The San Antonio Court of Appeals recently decided a case illustrating the new kinds of issues that can arise from the drilling of horizontal wells.

In Springer Ranch v. Jones, Alice Burkholder owned a ranch, 8,545 acres in La Salle and Webb Counties. She signed a single oil and gas lease on the ranch in 1956 that has been maintained by produciton. When she died, Alice left the ranch to her husband for life, and thereafter in three separate tracts to her three children.  In effect, by her will she partitioned the ranch, surface and minerals, into three tracts, subject to the oil and gas lease.  Alice’s husband died in 1990, and thereafter the three children signed a contract agreeing on how royalties on production from the lease should be divided among them. The contract provided that all royalties under the lease “shall be paid to the owner of the surface estate on which such well or wells are situated, without reference to any production unit on which such well or wells are located.”

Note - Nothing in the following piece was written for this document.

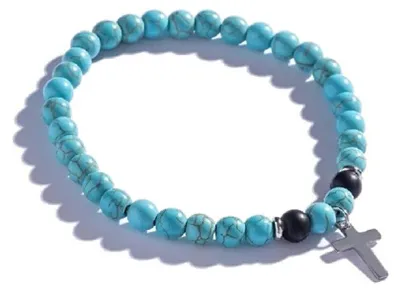 Produktbild von Perlenarmband fü r Herren mit tü rkisfarbenem Kreuz MCGB5096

The lessee drilled a horizontal well located partly on one of the ranch tracts, now owned by Springer Ranch, and partly under a different tract now owned by Rosalie Sullivan. The surface location of the well was on the Springer Ranch tract.  Springer Ranch argued that, because the surface location was “situated on” its property, it should receive all royalties from the well. Rosalie Sullivan argued that royalties from the well should be allocated between the two tracts based on each tract’s part of the productive lateral of the well.  The trial court agreed with Ms. Sullivan, and the court of appeals affirmed. It construed the parties’ agreement to to allocate royalties on the basis of the percentage of the productive interval of the wellbore on each party’s tract, not on the basis of the well’s surface location.

Springer Ranch challenged the formula adopted by the trial court for allocating production between the two tracts.  That formula was proposed by Ms. Sullivan’s expert, who measured the total length of the wellbore from its first to last take point and the portion of that length on each tract. Springer Ranch argued that the formula should be based on the entire length of the wellbore on each tract, and not just the productive portions. The court of appeals disagreed. It noted that Springer Ranch did not offer any evidence of any other basis for determining how much production was obtained from the parts of the well on each tract, and that the testimony supporting Ms. Sullivan’s allocation method was sufficient evidence to support the trial court’s judgment.

This kind of situation often arises where a portion of a tract subject to a lease is burdened by a non-participating royalty interest.  If a well drilled on the lease is partly located on the tract burdened by the NPRI, there must be some method of allocating production to the NPRI tract for purposes of paying royalties.  Most operators use the method adopted by the court in the Springer Ranch case, although I have seen no case law approving such a method.  Note that the Springer Ranch case is based on the parties’ express agreement as to how production should be allocated.  In most cases, there will be no express agreement.

It should also be noted that the Springer Ranch case has nothing to do with the “allocation well” controversy, which arises when an operator drills a horizontal well crossing from one lease to another without pooling the two leases together. In Springer Ranch, there was no dispute that the lessee had the right to drill the well.